Since I have most of the pieces cut already, the main parts that were missing were the armrests.  Since I reconfigured my outside shed, I know have access to my router table and it still has the round-over bit that I used on the real armrests… and still set at the exact same position!  So I cut these pieces, rounded them over along the top edge pieces and then notched the right side armrest for the control stick.  This will be a project for when it gets super cold this winter, or snowed in, etc.

Fuselage SIM mockup armrests

10 March 2017 — So my latest mini project was to assemble a bunch of pieces of wood that I cut late last summer to create a cockpit mockup & simulator to allow me test the ergonomics, placement, switchology and operation of my avionics and instruments.

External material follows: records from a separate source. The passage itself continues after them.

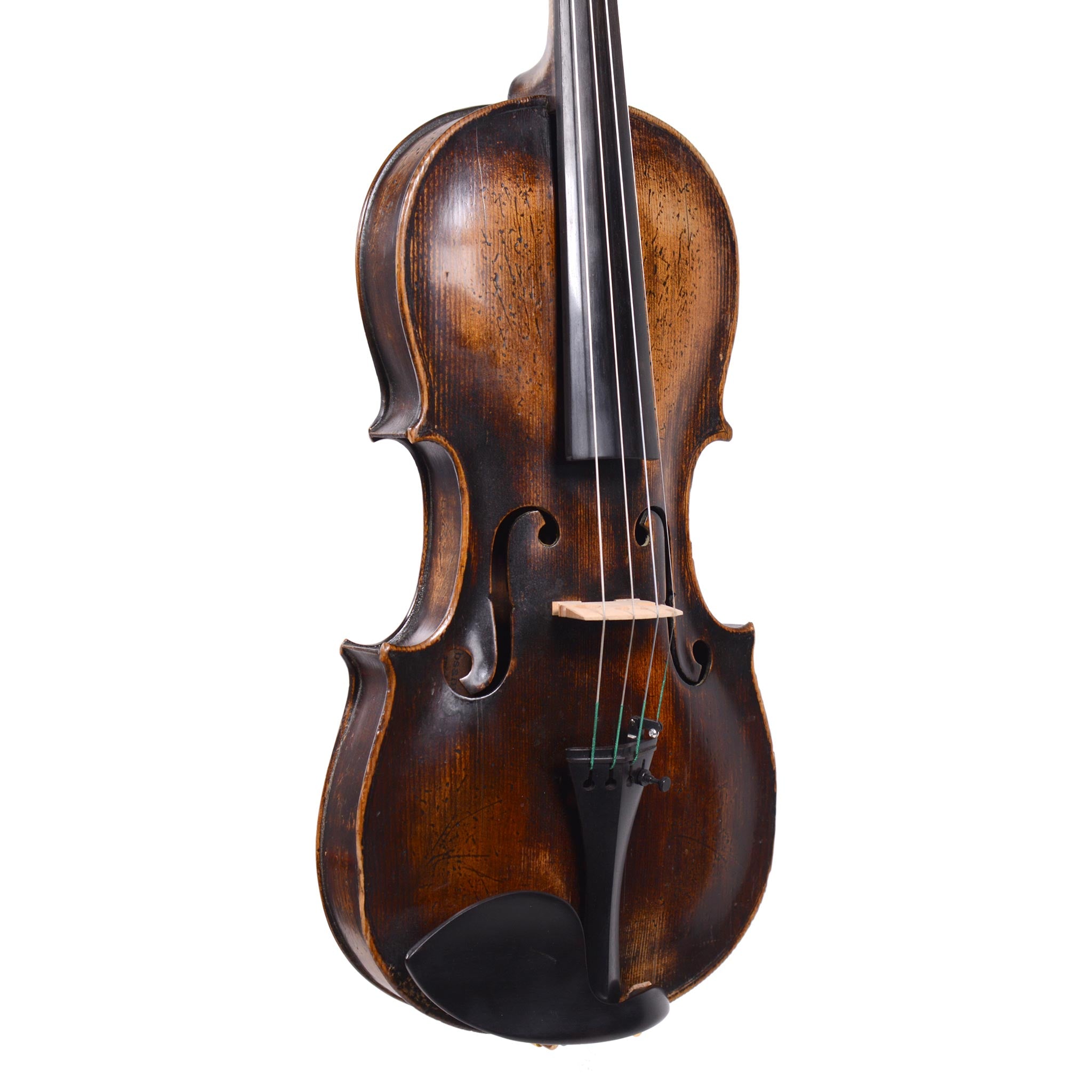 Jacob Stainer Violin Copy (No. 175)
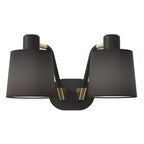 5013028 Tapered Drum 155 Shade Black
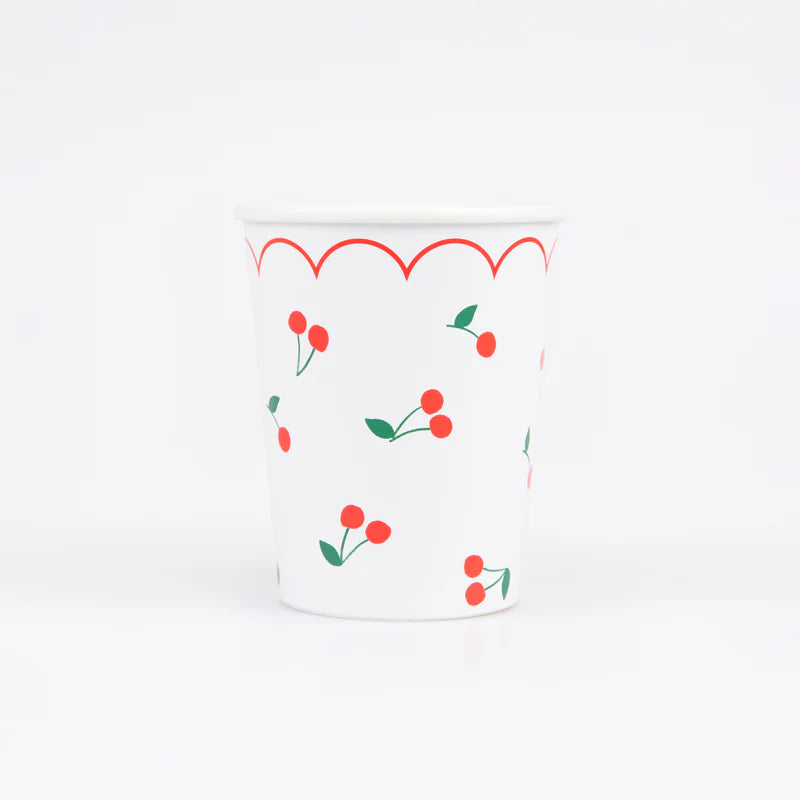 Vaso Cereza 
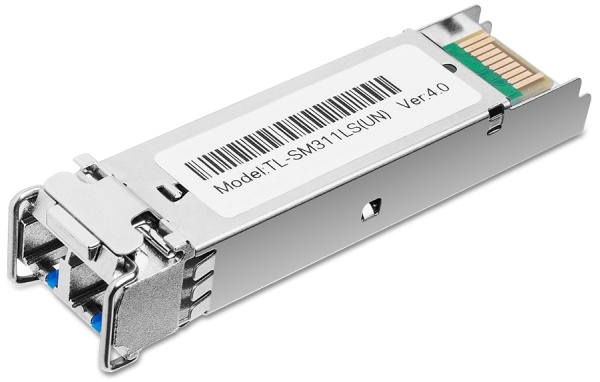 Трансивер TP-LINK TL-SM311LS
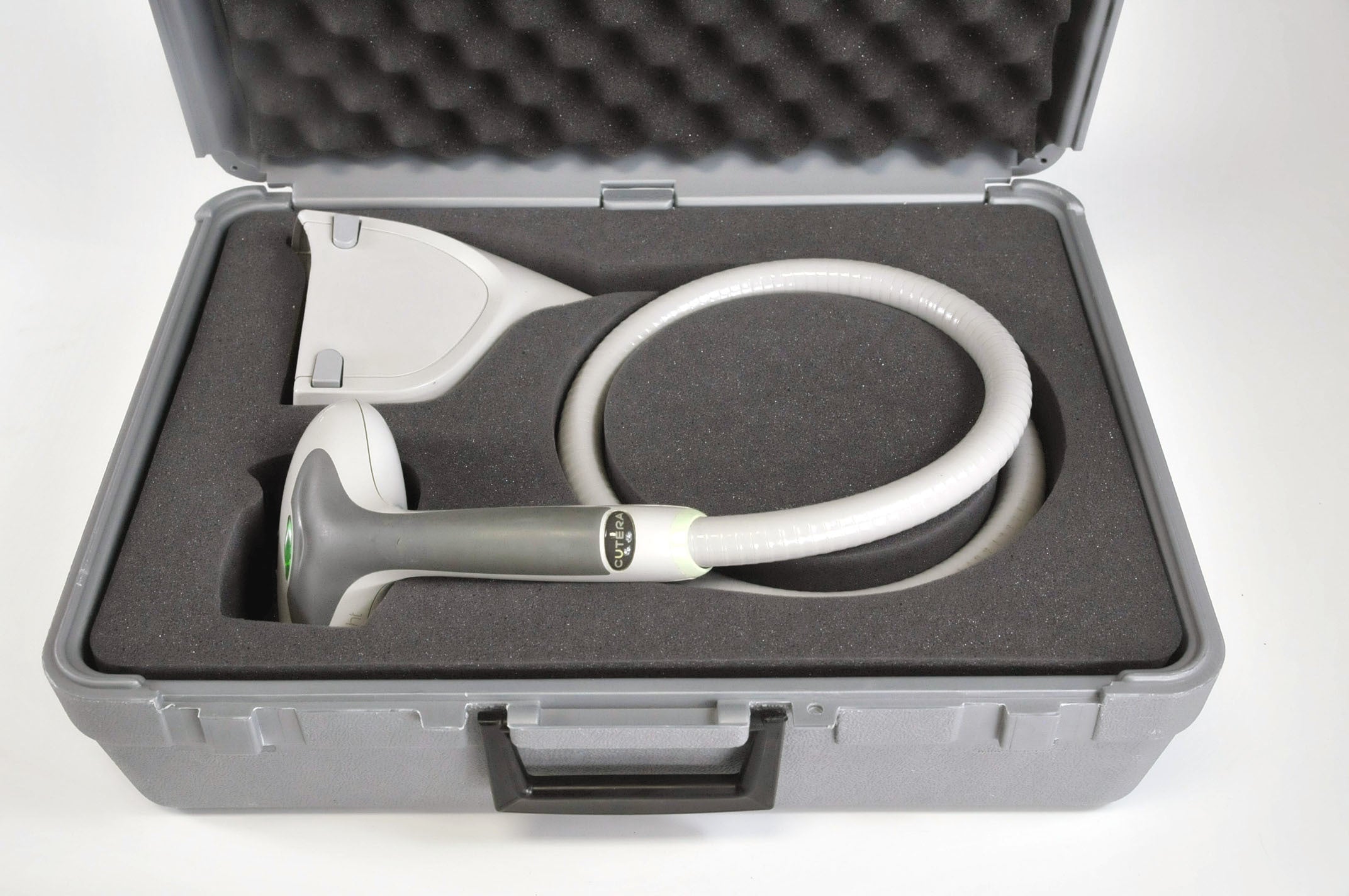 Cutera LimeLight IPL Handpiece LOW SHOTS!! Photofacial Rejuvenation - Hand Piece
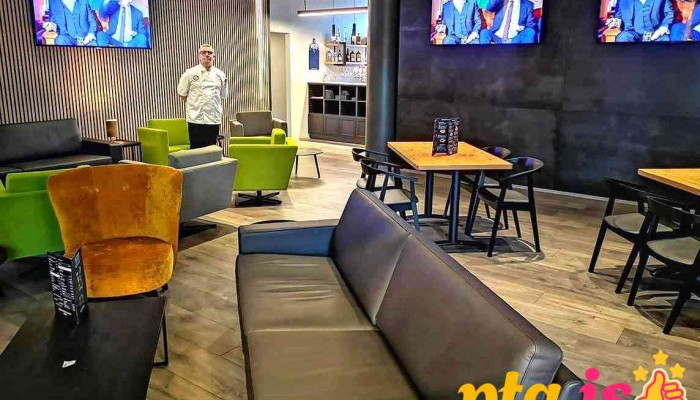 Rif Restaurant -  Hafnarfjorður+258365+2 - Hafnarfjörður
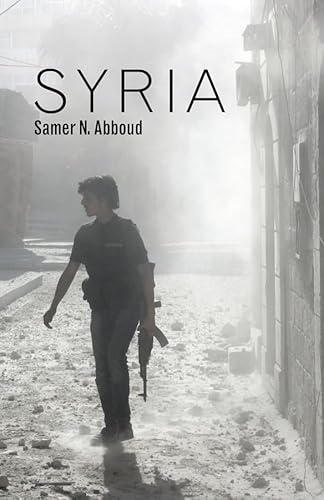 9780745697987: Syria (Global Political Hot Spots)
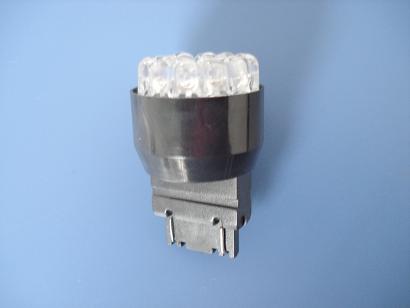 Led Brake Bulbs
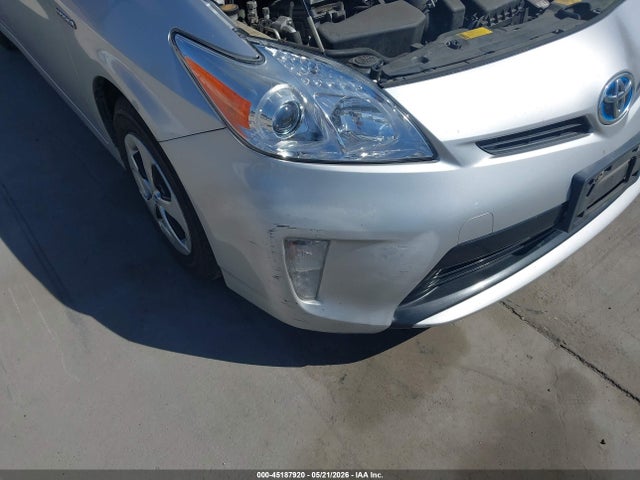 Toyota Prius Two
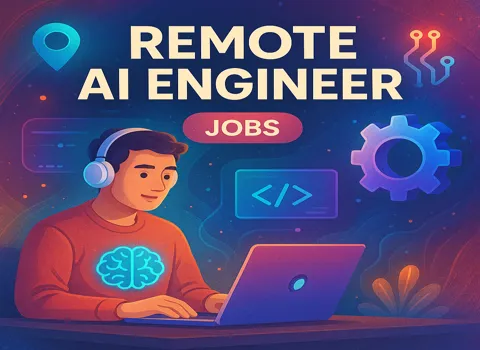 Remote AI Engineer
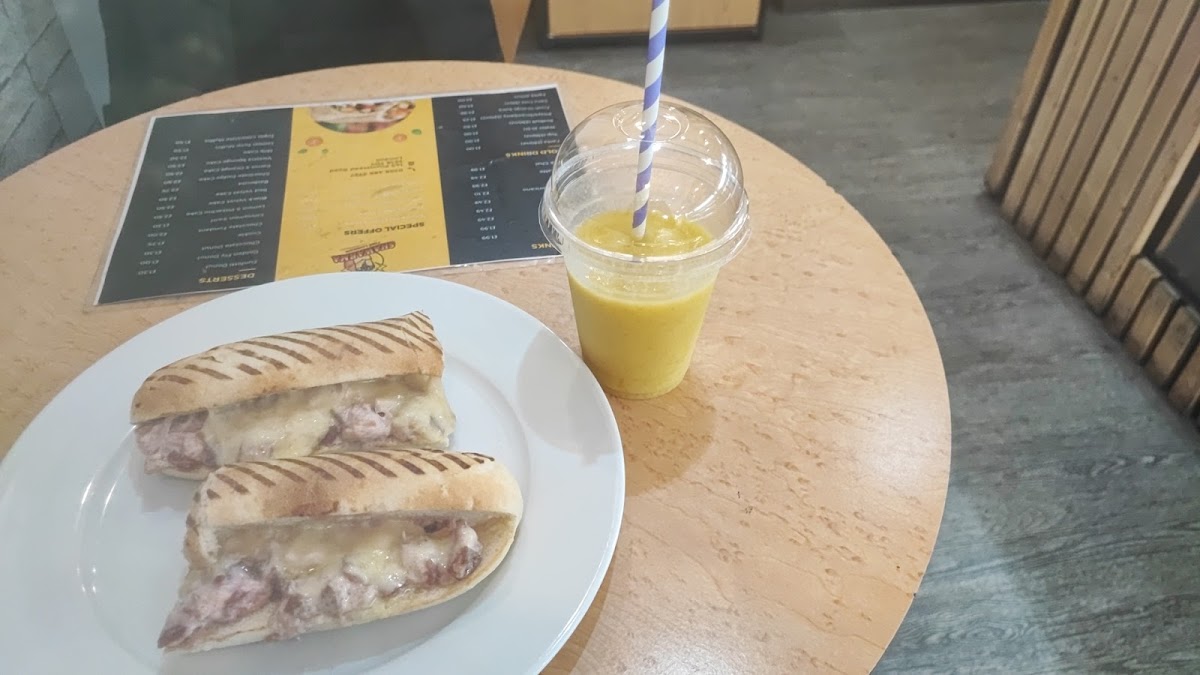 Shawarma House London Photo 8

This harks back to my original fuselage mock-up to check for how the plane would feel in its stock dimensions (remember, I widened the cockpit 1.4″).  Now, this version will enable me to mount all my current avionics, plan for new ones, and give me a really close estimate on final wiring requirements for all my panel components.  This latter reason is why I made this cockpit simulator to allow for the installation of the Triparagon.

When the Triparagon is installed I’ll wire up the panel and fire up the components not only to do a good ops check on them, but also to configure them in the panel.  Also, this cockpit mockup will also allow me to finalize any wiring required on the Triparagon.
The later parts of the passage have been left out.